■ WHAT THE TASK REQUIRES ■
Copy out the data line by line exactly, from its start to the line bearing "2PK Farberware SnackleBox", inclusive.

==*==

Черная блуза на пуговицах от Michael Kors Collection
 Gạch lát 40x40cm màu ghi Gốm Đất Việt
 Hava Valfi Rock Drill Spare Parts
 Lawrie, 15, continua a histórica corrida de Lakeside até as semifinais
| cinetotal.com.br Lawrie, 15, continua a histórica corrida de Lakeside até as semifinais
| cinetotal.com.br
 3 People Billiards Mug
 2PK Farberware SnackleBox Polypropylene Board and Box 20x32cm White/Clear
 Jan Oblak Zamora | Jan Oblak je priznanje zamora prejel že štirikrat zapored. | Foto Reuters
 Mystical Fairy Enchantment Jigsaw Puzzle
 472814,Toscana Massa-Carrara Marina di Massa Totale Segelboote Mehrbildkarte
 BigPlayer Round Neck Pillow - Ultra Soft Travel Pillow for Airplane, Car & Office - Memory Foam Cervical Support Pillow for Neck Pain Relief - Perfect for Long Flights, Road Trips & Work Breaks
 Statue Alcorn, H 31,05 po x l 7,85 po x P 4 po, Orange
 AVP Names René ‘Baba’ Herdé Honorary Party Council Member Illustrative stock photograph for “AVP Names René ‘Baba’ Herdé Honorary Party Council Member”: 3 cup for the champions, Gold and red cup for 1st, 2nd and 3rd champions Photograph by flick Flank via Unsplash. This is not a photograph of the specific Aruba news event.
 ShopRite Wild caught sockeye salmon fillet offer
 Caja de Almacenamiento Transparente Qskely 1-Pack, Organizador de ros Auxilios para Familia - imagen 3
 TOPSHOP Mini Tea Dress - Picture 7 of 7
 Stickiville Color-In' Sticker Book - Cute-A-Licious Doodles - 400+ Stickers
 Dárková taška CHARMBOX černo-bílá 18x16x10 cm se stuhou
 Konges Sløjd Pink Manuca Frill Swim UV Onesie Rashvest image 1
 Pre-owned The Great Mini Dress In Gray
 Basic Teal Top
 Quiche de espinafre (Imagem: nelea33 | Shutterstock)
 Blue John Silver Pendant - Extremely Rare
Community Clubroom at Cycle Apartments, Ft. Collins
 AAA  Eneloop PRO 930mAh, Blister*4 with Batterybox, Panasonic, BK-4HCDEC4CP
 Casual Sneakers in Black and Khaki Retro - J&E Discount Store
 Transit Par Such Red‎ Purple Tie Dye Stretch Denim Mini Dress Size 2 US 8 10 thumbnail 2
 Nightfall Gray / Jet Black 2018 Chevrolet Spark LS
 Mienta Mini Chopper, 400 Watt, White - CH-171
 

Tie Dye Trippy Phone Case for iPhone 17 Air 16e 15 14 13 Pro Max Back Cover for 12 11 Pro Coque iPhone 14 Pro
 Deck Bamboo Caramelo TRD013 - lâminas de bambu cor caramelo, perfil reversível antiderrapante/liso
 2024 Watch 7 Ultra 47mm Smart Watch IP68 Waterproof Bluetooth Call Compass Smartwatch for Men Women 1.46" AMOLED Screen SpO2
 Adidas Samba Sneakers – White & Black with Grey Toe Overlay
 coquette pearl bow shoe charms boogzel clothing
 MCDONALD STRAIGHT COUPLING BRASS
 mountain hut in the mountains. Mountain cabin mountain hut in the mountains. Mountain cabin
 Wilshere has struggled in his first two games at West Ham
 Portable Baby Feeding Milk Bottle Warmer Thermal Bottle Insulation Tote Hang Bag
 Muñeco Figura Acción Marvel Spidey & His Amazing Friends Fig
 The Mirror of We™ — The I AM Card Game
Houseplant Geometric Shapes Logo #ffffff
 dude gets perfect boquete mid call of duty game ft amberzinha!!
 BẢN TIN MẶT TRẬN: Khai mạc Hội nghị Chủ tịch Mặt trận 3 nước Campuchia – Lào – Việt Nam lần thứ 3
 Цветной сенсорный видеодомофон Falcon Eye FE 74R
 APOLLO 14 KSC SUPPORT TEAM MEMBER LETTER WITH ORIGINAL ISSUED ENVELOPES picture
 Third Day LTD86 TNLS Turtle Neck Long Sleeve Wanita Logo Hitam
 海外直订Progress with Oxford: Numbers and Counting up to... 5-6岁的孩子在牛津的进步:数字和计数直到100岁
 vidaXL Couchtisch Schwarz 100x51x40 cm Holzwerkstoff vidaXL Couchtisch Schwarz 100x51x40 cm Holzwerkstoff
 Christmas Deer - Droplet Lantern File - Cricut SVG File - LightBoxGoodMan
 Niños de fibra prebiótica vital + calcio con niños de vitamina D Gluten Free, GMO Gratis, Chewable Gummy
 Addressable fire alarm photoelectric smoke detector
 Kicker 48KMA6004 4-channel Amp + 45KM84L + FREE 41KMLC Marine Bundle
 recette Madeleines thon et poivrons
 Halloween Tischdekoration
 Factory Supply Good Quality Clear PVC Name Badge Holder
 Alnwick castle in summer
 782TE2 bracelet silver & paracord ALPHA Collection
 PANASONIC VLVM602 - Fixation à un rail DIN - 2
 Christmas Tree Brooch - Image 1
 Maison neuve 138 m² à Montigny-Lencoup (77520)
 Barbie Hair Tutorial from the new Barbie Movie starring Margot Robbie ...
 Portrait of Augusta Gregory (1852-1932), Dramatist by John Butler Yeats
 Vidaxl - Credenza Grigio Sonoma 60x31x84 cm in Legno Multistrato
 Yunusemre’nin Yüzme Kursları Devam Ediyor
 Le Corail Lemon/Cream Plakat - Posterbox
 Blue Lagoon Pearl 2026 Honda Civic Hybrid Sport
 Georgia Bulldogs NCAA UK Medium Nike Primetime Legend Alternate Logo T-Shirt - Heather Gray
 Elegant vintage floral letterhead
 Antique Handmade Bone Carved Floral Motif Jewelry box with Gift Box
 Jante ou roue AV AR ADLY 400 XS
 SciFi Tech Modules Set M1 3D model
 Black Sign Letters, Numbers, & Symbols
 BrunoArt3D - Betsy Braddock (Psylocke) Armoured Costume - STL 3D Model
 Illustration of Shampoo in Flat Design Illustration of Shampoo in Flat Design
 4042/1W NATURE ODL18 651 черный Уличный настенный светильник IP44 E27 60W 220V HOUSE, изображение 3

==*==

■ PROBLEM SOLUTION ■
Черная блуза на пуговицах от Michael Kors Collection
 Gạch lát 40x40cm màu ghi Gốm Đất Việt
 Hava Valfi Rock Drill Spare Parts
 Lawrie, 15, continua a histórica corrida de Lakeside até as semifinais
| cinetotal.com.br Lawrie, 15, continua a histórica corrida de Lakeside até as semifinais
| cinetotal.com.br
 3 People Billiards Mug
 2PK Farberware SnackleBox Polypropylene Board and Box 20x32cm White/Clear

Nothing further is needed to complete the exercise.